Task directions ::
Repeat all the lines below exactly, but omit the pictures.

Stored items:
↓↓↓

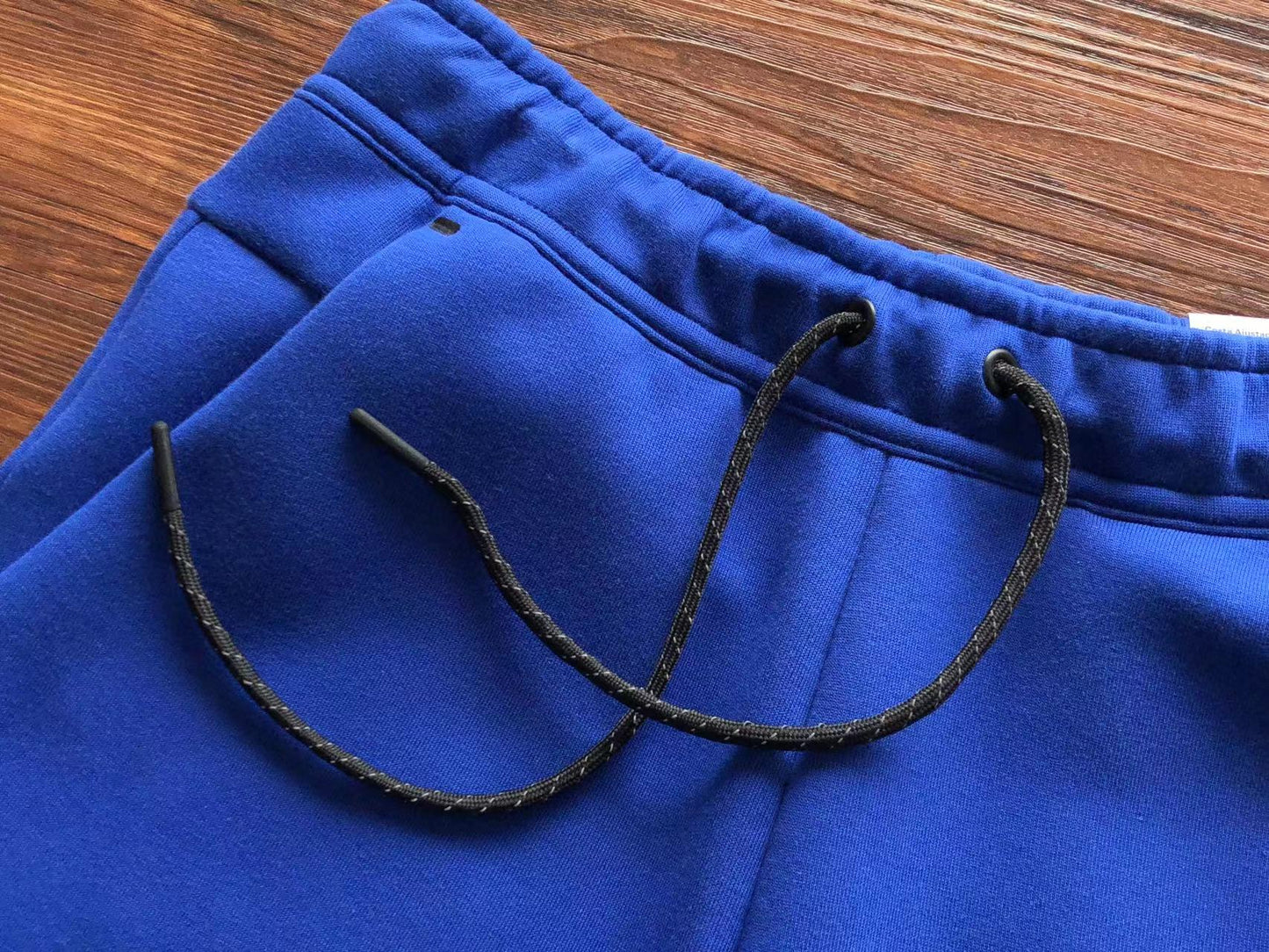 Nike Tech Fleece “Blue”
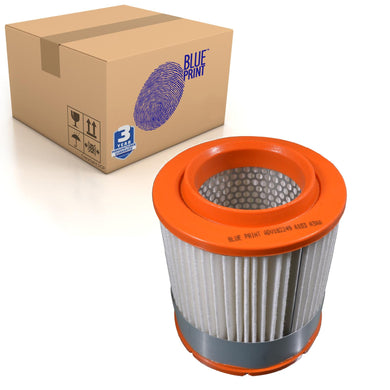 A8 Air Filter Fits Audi 4E0 129 620 E Blue Print ADV182249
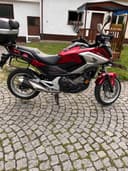 2019 Honda Honda NC 750 X - 18 428 km - Náhled 1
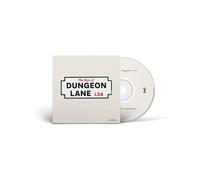 Paul McCartney The Boys Of Dungeon Lane (2026) CD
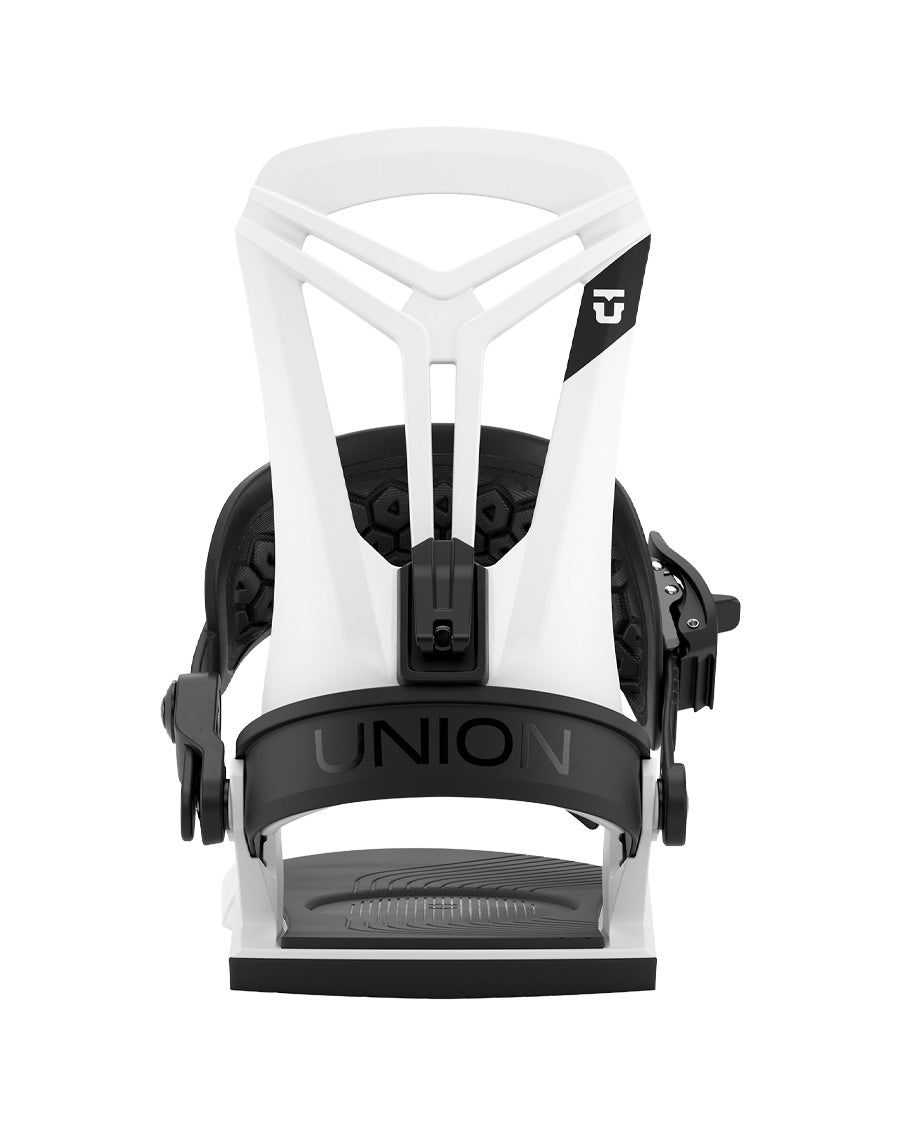 Union Men's Flite Binding White 2026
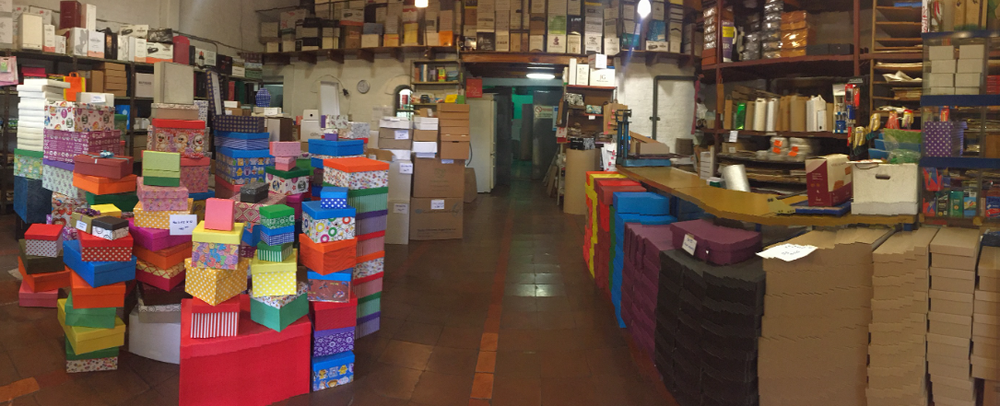 Un caso de éxito en minería. Una empresaria del packaging logró insertarse en la industria y cuenta cómo lo hizo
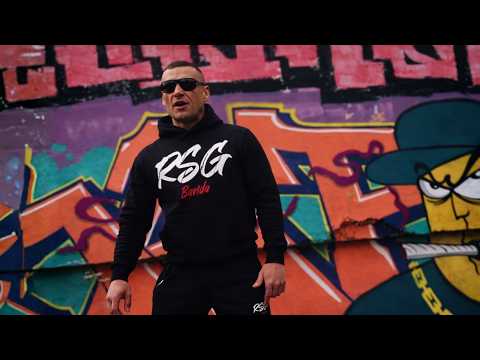 Radziu RSG - Moje CV (Prod. Big Bro Beats & Premier ...
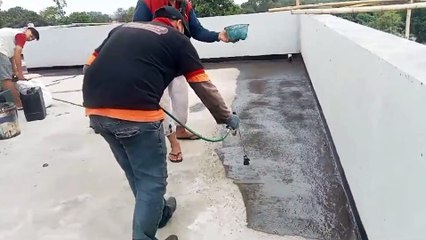 Panduan Lengkap Cara Mengatasi Dak Bocor dan Rembes di Rumah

↑↑↑

Output of the task ::
 Nike Tech Fleece “Blue”
 A8 Air Filter Fits Audi 4E0 129 620 E Blue Print ADV182249
 2019 Honda Honda NC 750 X - 18 428 km - Náhled 1
 Paul McCartney The Boys Of Dungeon Lane (2026) CD
 Union Men's Flite Binding White 2026
 Un caso de éxito en minería. Una empresaria del packaging logró insertarse en la industria y cuenta cómo lo hizo
 Radziu RSG - Moje CV (Prod. Big Bro Beats & Premier ...
 Panduan Lengkap Cara Mengatasi Dak Bocor dan Rembes di Rumah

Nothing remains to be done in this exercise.